> **WORK ITEM**
Skip the pictures. Quote every line below, exactly, from the one with "Liposuction Dayton OH Patient 57 After" through the final line.

==== RECORD EXTRACTS ====

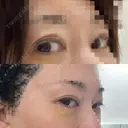 ヒアルロン酸注入（涙袋） / ヒアルロン酸注入（こめかみ） DMTC CLINIC 日本橋院 DAY 0 サムネイル用
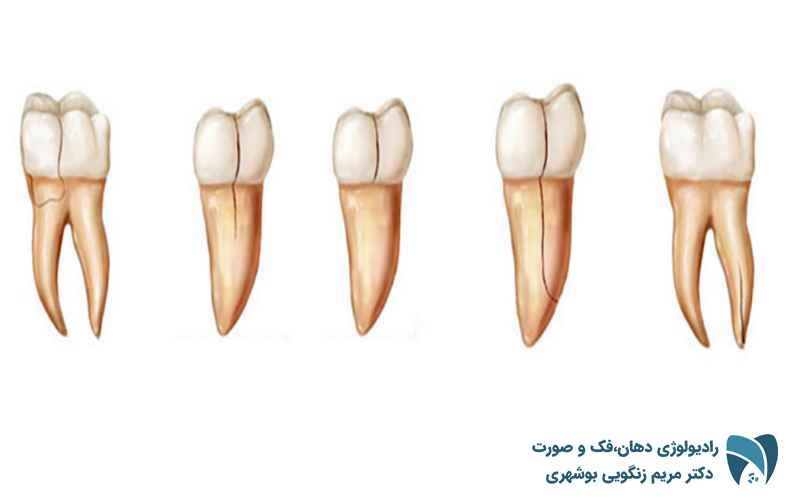 شکستگی ریشه دندان ; drbooshehri.com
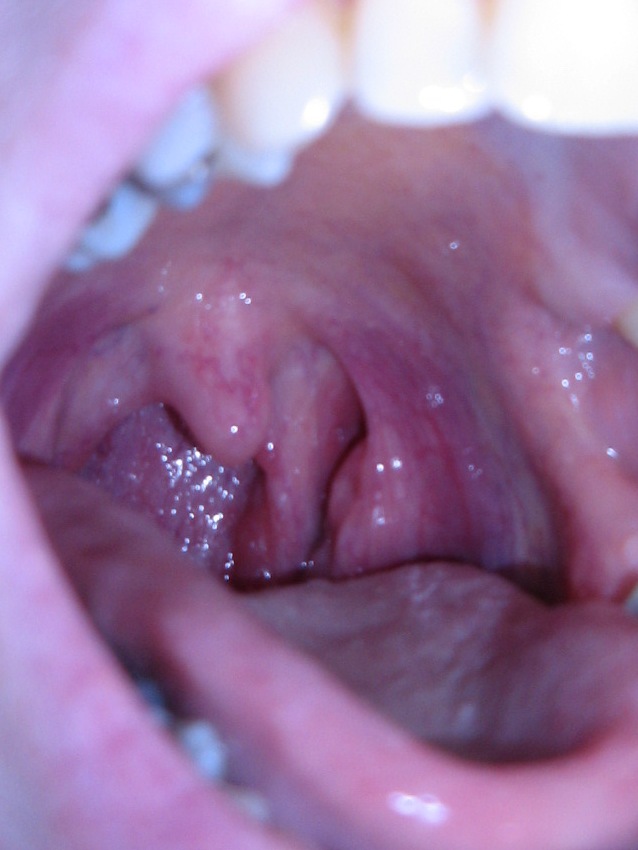 lump on tonsil - Respiratory Disorders.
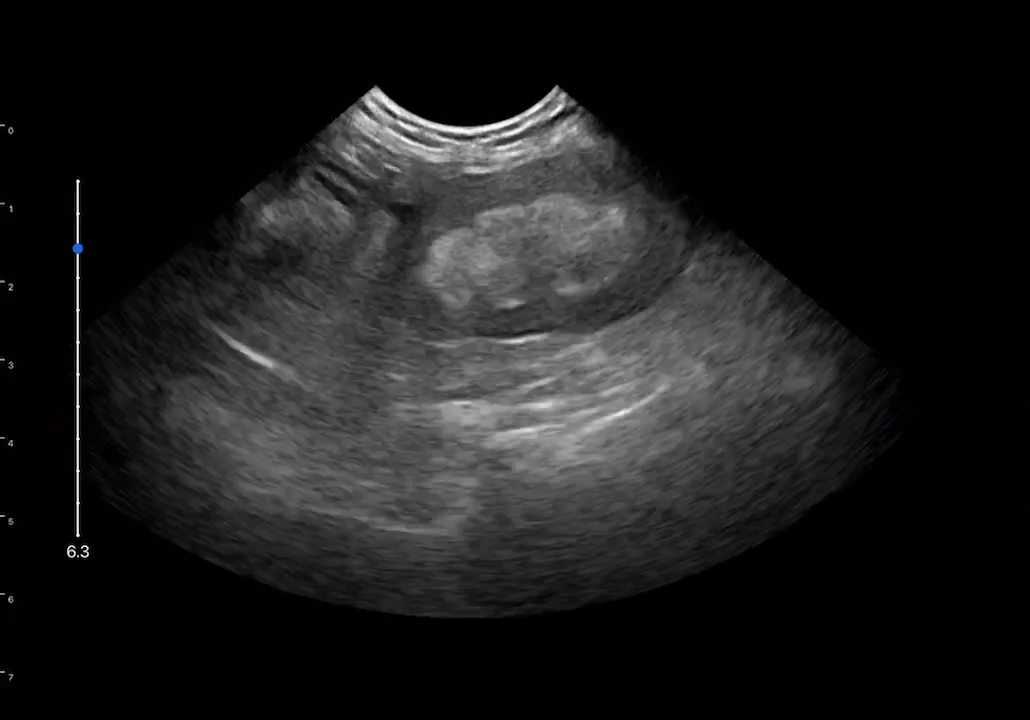 LU800 Feline_Kidney_Hydronephrosis ultrasound image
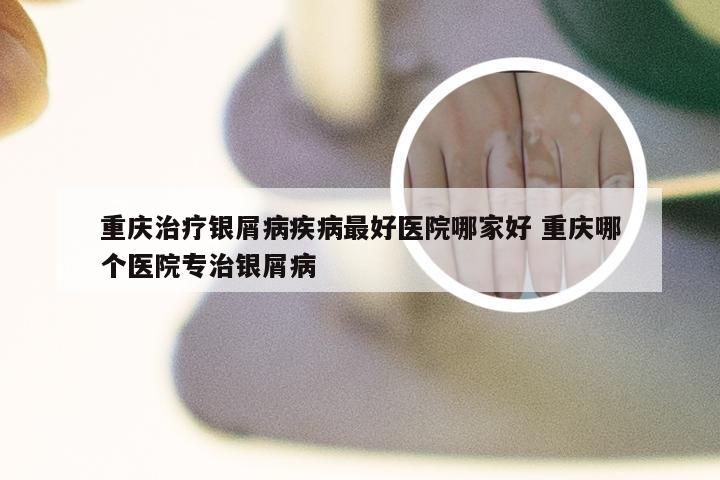 重庆治疗银屑病疾病最好医院哪家好 重庆哪个医院专治银屑病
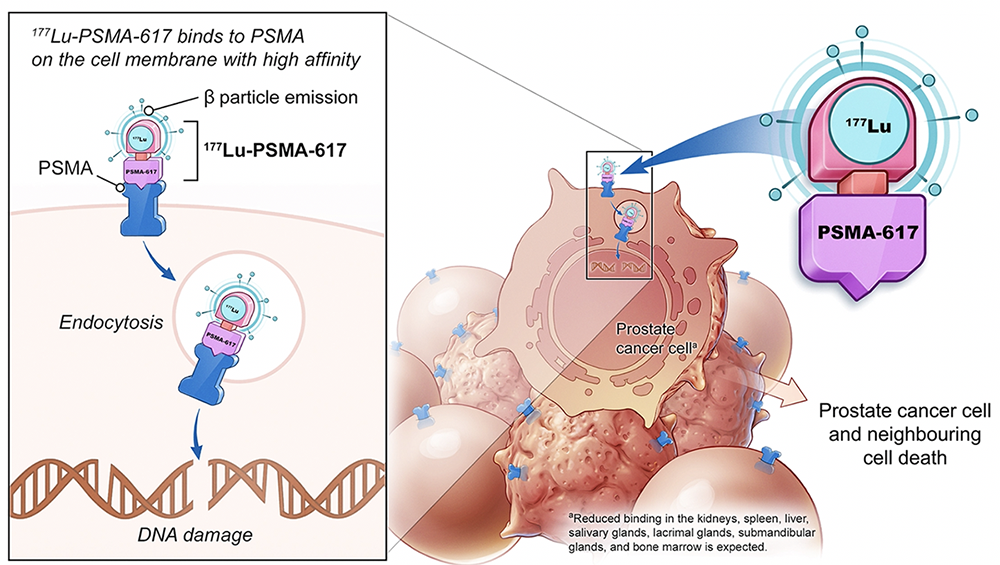 immunotherapy for prostate cancer 2022 volume prostata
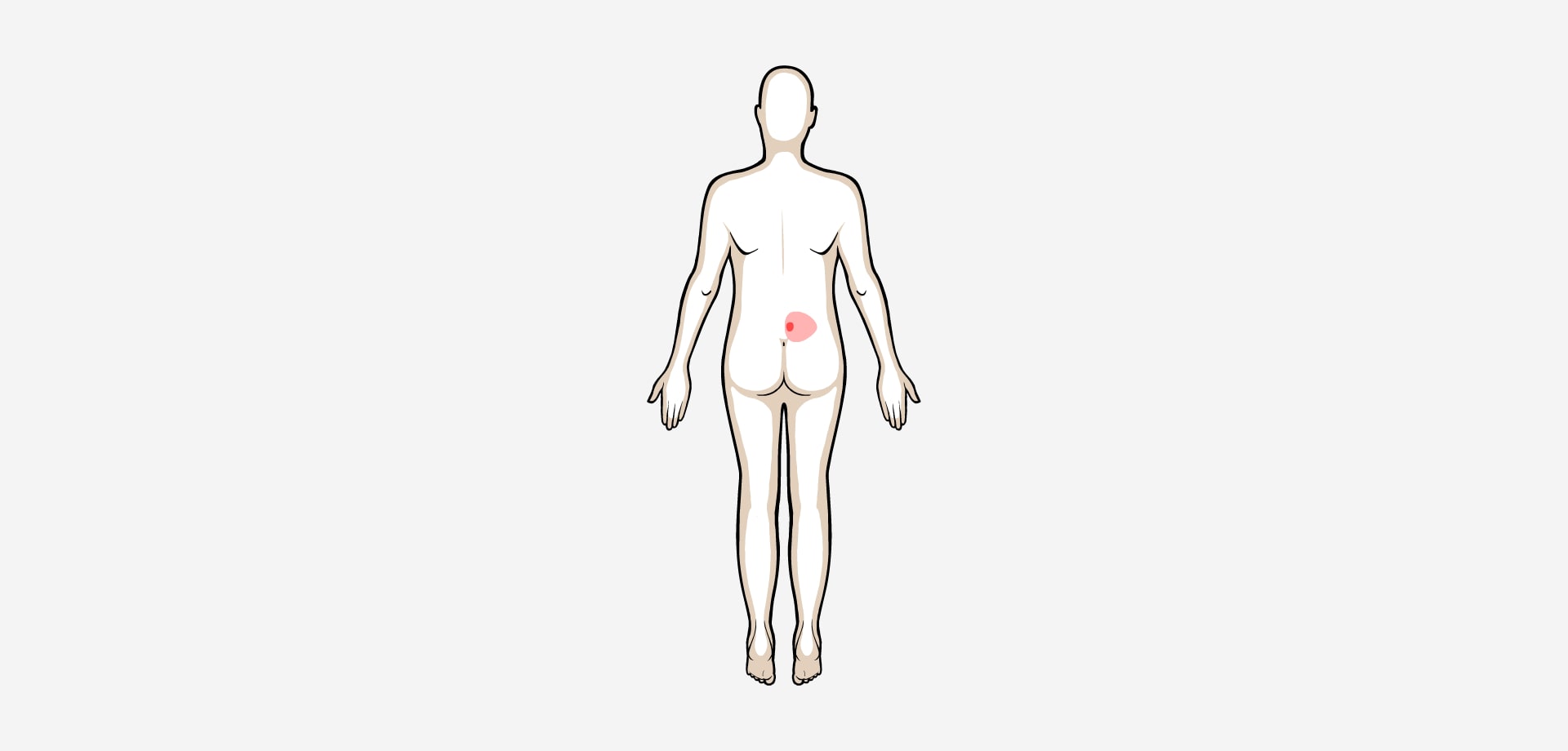 Dolor unilateral localizado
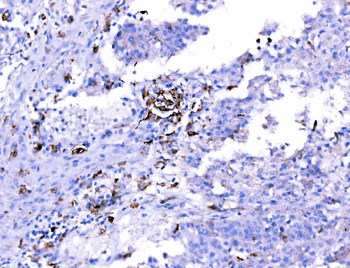SH3GL2 Antibody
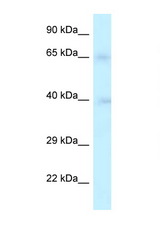 RFC2 antibody LS-C145336 Western blot of 3 Cell lysate. Antibody concentration 1 ug/ml.
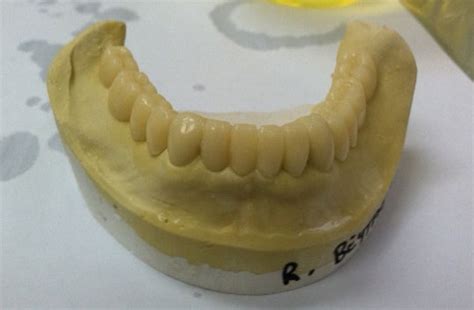 Acetal Resin Overpartials Fabrications in Atlanta GA | Snap-On Smile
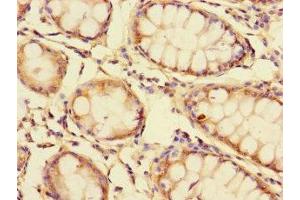 Immunohistochemistry of paraffin-embedded human colon cancer using ABIN7154300 at dilution of 1:100 (GOLPH3L antibody  (AA 6-285))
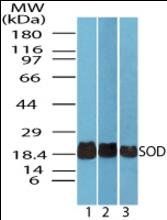 Superoxide Dismutase antibody [Out of stock]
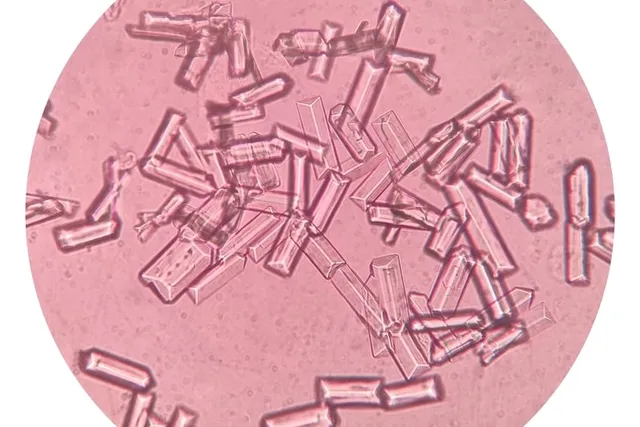What Are Struvite Crystals in Cats? Our Vet Explains Causes & Treatments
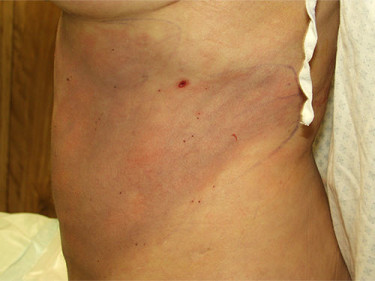 Liposuction Dayton OH Patient 57 After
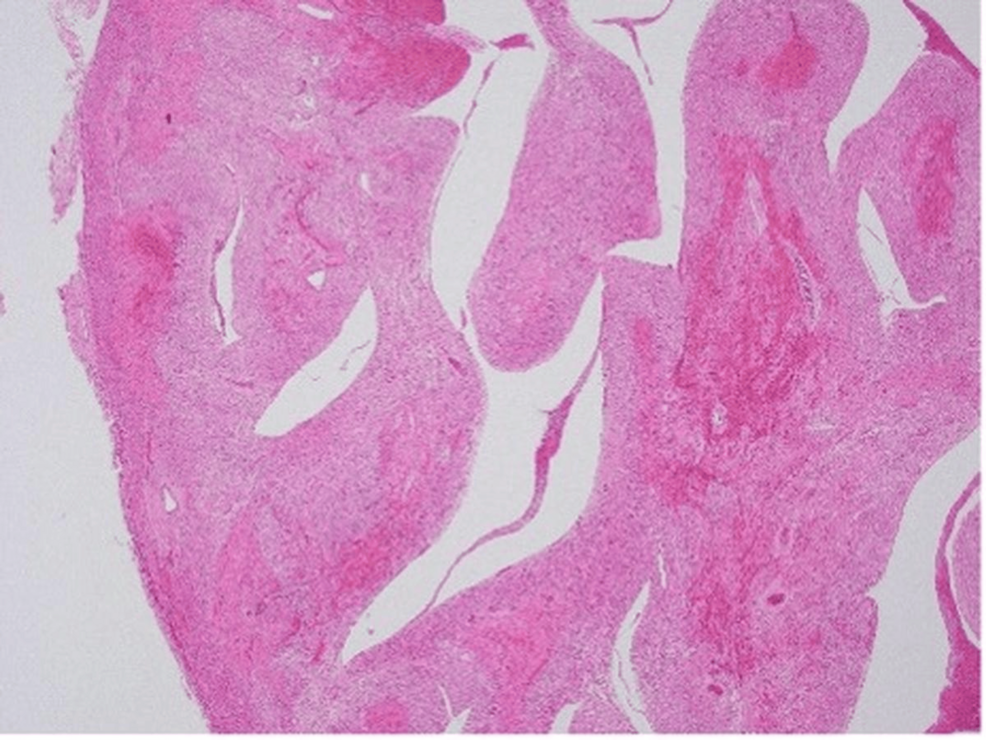 Irregularly-shaped-hemorrhagic-and-necrotic-foci-confirmed-throughout-the-epicardium-to-endocardium-of-the-myocardial-wall-(hematoxylin-and-eosin-stain,-original-magnification-×40) Irregularly-shaped-hemorrhagic-and-necrotic-foci-confirmed-throughout-the-epicardium-to-endocardium-of-the-myocardial-wall-(hematoxylin-and-eosin-stain,-original-magnification-×40)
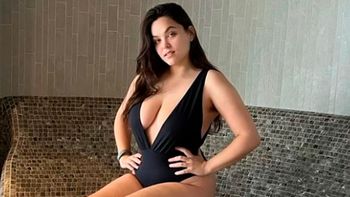 Preocupación por modelo de OnlyFans que quedó en silla de ruedas por usar el celular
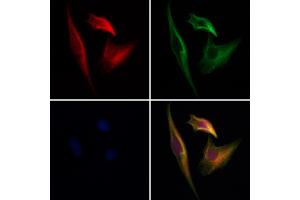 ABIN7094143 and ABIN7098187 staining Hela cells by IF/ICC. (CPNE6 anticorps  (Internal Region))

====

> **SOLVED PROBLEM**
 Liposuction Dayton OH Patient 57 After
 Irregularly-shaped-hemorrhagic-and-necrotic-foci-confirmed-throughout-the-epicardium-to-endocardium-of-the-myocardial-wall-(hematoxylin-and-eosin-stain,-original-magnification-×40) Irregularly-shaped-hemorrhagic-and-necrotic-foci-confirmed-throughout-the-epicardium-to-endocardium-of-the-myocardial-wall-(hematoxylin-and-eosin-stain,-original-magnification-×40)
 Preocupación por modelo de OnlyFans que quedó en silla de ruedas por usar el celular
 ABIN7094143 and ABIN7098187 staining Hela cells by IF/ICC. (CPNE6 anticorps  (Internal Region))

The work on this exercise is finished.